Found: The Hottest Water on Earth

Magma in the Atlantic ocean cooks up ultra-hot water.

ByABC News
August 4, 2008, 4:10 PM

August 5, 2008 — -- Even Jules Verne did not foresee this one. Deep down at the very bottom of the Atlantic Ocean, geochemist Andrea Koschinsky has found something truly extraordinary: "It's water," she says, "but not as we know it."

At over 3 kilometres beneath the surface, sitting atop what could be a huge bubble of magma, it's the hottest water ever found on Earth. The fluid is in a "supercritical" state that has never before been seen in nature.

The fluid spews out of two black smokers called Two Boats and Sisters Peak.
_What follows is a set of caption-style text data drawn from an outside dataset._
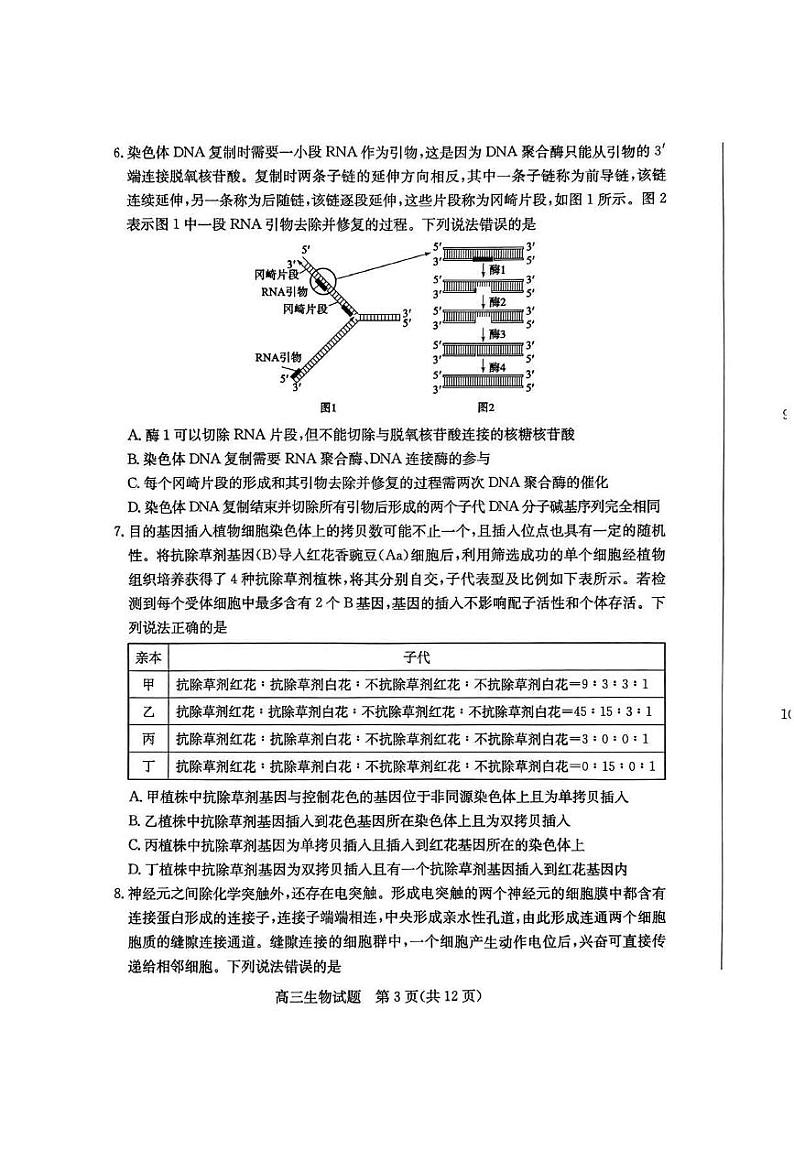 2024届山东省滨州市高三二模生物试题+答案(5月9日滨州二模)03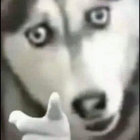 cwfeage thumbnail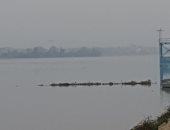 قارئ يكشف أسباب تلوث مياه النيل بفرع رشيد ويطالب المسئولين بمكافحتها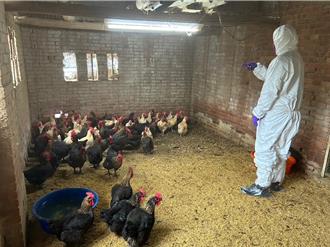 禽流感高風險季節來臨 新北加強稽查畜牧場、消毒防疫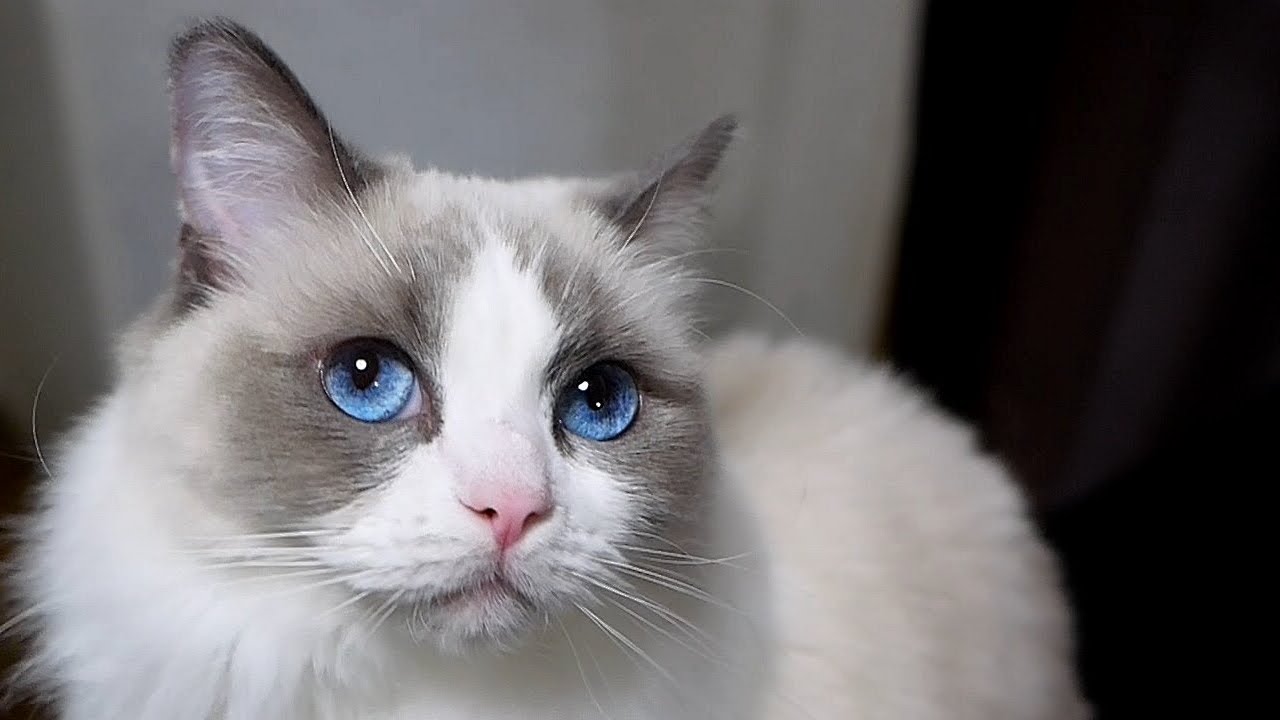 ラグドールは、おとなしい性格の猫？【飼い主の感想】勘違いしてました・・・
Koschinsky, from Jacobs University in Bremen, Germany, says it is somewhere between a gas and a liquid. She thinks it could offer a first glimpse at how essential minerals and nutrients like gold, copper and iron are leached out of the entrails of the Earth and released into the oceans.

Liquids boil and evaporate as temperature and pressure rise. But push both factors beyond a critical point and something odd happens: the gas and liquid phase merge into one supercritical fluid. For water, this fluid is denser than vapour, but lighter than liquid water.

Water and seawater have both been pushed past this critical point in labs, but until Koschinsky and her colleagues sailed to just south of the Atlantic equator in 2006, no-one had seen supercritical fluids in nature. Geochemists suspected that if they were to find them anywhere, they would be coming out of very deep hydrothermal vents.

In 2005, a team of scientists including Koschinsky visited 5° south, as part as a six-year project to investigate the southern end of the mid-Atlantic Ridge. There, they discovered a new set of vents, which they revisited in 2006 and 2007, lowering a thermometer into them each time.

Computer models suggest that the fluid that comes out of these black smokers initially seeps down into surrounding cracks in the seabed, gradually getting deeper and hotter as it approached the Earth's magma. Eventually, at 407 °C and 300 bars of pressure, the water becomes supercritical.